Para hablar, baja su cabeza de rulos castaños y susurra. Me cuesta entenderla. A su marido lo mataron hace cinco años cuando se enfrentó a la policía. También era docente, como ella. Sus hijos son adolescentes. Acaban de volver de México DF. Los tuvo que mandar allá porque su casa dejó de ser una casa para ser pura ventana rota y amenazas.

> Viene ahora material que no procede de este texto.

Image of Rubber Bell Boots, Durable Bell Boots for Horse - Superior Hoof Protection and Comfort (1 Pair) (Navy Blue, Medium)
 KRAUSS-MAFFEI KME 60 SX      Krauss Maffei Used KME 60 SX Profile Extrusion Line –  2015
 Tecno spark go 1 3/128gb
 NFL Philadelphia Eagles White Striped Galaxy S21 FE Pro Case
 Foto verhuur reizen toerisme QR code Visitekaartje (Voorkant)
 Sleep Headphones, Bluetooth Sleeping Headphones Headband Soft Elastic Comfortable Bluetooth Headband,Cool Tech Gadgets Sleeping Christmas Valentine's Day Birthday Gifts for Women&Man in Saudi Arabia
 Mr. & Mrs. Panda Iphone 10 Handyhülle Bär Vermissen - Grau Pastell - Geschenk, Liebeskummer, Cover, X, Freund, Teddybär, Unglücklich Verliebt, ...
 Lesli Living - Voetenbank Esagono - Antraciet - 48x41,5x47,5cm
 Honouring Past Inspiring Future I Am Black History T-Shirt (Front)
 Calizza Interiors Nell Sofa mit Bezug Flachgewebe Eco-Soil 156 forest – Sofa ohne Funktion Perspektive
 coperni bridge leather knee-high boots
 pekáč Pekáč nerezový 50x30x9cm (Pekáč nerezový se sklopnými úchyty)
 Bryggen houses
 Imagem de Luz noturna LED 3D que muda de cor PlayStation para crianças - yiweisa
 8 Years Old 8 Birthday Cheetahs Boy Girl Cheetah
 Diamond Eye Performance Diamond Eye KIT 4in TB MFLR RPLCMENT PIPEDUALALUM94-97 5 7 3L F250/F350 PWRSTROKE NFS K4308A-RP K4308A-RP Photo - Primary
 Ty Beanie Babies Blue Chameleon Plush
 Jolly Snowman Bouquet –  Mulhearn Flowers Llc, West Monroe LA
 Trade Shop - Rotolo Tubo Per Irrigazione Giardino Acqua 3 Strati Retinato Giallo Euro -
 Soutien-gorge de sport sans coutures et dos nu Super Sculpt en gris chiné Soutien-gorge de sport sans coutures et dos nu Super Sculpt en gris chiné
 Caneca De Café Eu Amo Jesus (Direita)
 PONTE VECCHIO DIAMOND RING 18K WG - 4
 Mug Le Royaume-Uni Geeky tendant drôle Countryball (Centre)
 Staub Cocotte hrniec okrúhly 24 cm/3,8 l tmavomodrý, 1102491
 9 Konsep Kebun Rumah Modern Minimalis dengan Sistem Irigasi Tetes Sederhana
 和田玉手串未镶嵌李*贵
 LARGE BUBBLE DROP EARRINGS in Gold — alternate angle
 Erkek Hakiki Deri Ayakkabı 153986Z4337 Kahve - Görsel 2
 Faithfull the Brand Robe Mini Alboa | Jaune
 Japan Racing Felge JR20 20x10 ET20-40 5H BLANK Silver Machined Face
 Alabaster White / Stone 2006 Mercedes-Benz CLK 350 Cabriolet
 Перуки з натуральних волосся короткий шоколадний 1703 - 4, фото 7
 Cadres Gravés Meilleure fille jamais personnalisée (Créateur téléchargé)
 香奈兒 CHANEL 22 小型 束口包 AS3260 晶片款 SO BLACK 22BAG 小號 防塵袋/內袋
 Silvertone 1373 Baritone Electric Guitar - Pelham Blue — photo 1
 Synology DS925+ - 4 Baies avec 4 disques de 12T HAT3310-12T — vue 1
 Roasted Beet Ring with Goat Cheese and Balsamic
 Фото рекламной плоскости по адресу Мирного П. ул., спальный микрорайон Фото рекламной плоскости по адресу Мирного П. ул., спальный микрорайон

Me dice que ella también tuvo que irse. Que vive en. Patricia cambia de tema. El mozo se acerca con la bandeja repleta. Ella me cuenta de la bicicleta fija, de los kilos demás que tiene, de las buenas notas de su hija, de lo que a su hijo le gusta el fútbol. De ahí en más Patricia no va a contarme mucho más. O al menos no va a hablar de lo que yo espero.


III. Estoy algo desorientada cuando Patricia agarra su cartera negra del respaldo de la silla. “Veámonos la semana próxima, Ana”. No me deja contestarle que no voy a estar en la ciudad y me besa. Se aleja y vuelve. “No dejes nada en la mesa”, dice en voz baja. Al lado del plato de frijoles que no terminó de comer hay una servilleta garabateada. Dibujos de trazos infantiles. Una mujer con lágrimas desparejas saliendo desde la oreja, una casa con la ventana rota, una pared sin perspectiva, una nena y un nene casi en el margen de la hoja. Hay tachones por todas partes, algún agujero, manchas de salsa. Un hombre acostado en la parte inferior y una cruz sobre su cabeza. Miles de siglas. Conozco algunas. Flechas o balas.


IV. Tengo todavía esa servilleta doblada adentro de un cuaderno. Espero volver algún día. Espero respuestas.